Album en provenance de Singapour, L'homme de la maison est une chronique douce-amer sur le passage à l'adolescence doublée d'un portrait frontal d'un pan de la société de cette cité-état où s'empilent plus de cinq millions d'habitants sur à peine sept cents de kilomètres carrés. Dave Chua y décrit scrupuleusement le petit train-train d'une famille comme il en existe beaucoup. La narration au ton posé est rythmée par la routine journalière. Entre aliénation due aux lieux – les grandes barres d'immeubles et une cité où tout semble comprimé - et la pression sociale omniprésente (honneur, religion, rigueur absolue de l'éducation, etc.), l'existence de Yong semble figée et sans avenir. Il n'est pas un rebelle comme son ami Liang, mais ça bouille à l'intérieur ! Écrasé par ses responsabilités, il résiste le mieux possible aux tentations et espère que cela ira mieux demain, dans quelques années, ou jamais.

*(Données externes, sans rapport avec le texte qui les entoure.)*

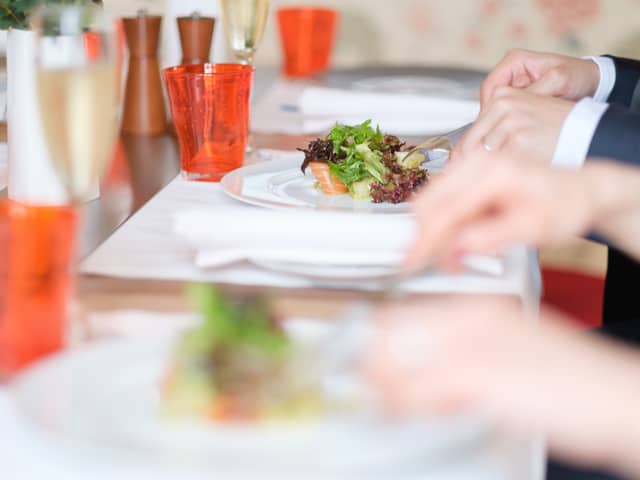 【公式】BENOIT(ブノワ)|東京・青山・表参道のレストランウエディング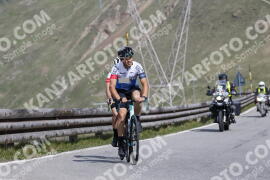 Foto #3121446 | 17-06-2023 10:01 | Passo Dello Stelvio - die Spitze BICYCLES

Avec un style proche de certaines bandes dessinées indépendantes américaines (Adrian Tomine vient immédiatement à l'esprit, tant sur la forme que sur le fond) et quelques emprunts aux mangas (le Domû de Katsuhiro Otomo et ses buildings oppressants), Koh Hong Teng montre sa ville avec précision et sans parti pris. Parfaitement en accord avec le scénario, il met en avant la réalité, telle qu'elle est, et rien d'autre. Le résultat n'est pas austère pour autant : les personnages sont attachants grâce à leurs qualités et leurs défauts et seule la société singapourienne dans son ensemble en prend vraiment pour son grade. Peine perdue néanmoins, car ces « attaques » ne changeront rien au statu-quo. Entre respect des traditions et impossibilité de vraiment agir, le constat final était déjà connu de tous : « Le bonheur repose sur le malheur, le malheur couve sous le bonheur. Qui connaît leur apogée respective ? ».

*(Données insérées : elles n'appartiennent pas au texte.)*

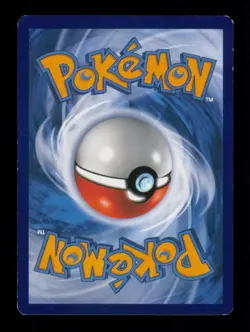 MELOETTA PROMO HOLO XY120 MP POKEMON - Image 2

Profond et d'une grande richesse psychologique, L'homme de la maison offre une plongée fascinante sur un petit point du monde méconnu et ses habitants.

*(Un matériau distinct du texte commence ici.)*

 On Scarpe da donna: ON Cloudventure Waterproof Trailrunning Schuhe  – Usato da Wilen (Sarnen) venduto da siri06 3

Je n'ai pas été convaincu par « l'homme de la maison ». Le récit est beaucoup trop contemplatif à mon goût et il faut se perdre dans tous ces petits riens qui semblent donner un sens à l'existence. Or, je n'ai guère ressenti de l'émotion à travers ces tranches de vie d'un adolescent vivant à Singapour.
Il est pourtant rare de rencontrer des récits se situant dans cette ville peu ordinaire. J'avais été attiré en pensant que j'en apprendrais un peu plus d'où une certaine déception. Cependant, on a eu droit à une longue routine. Dommage car c'était également bien dessiné.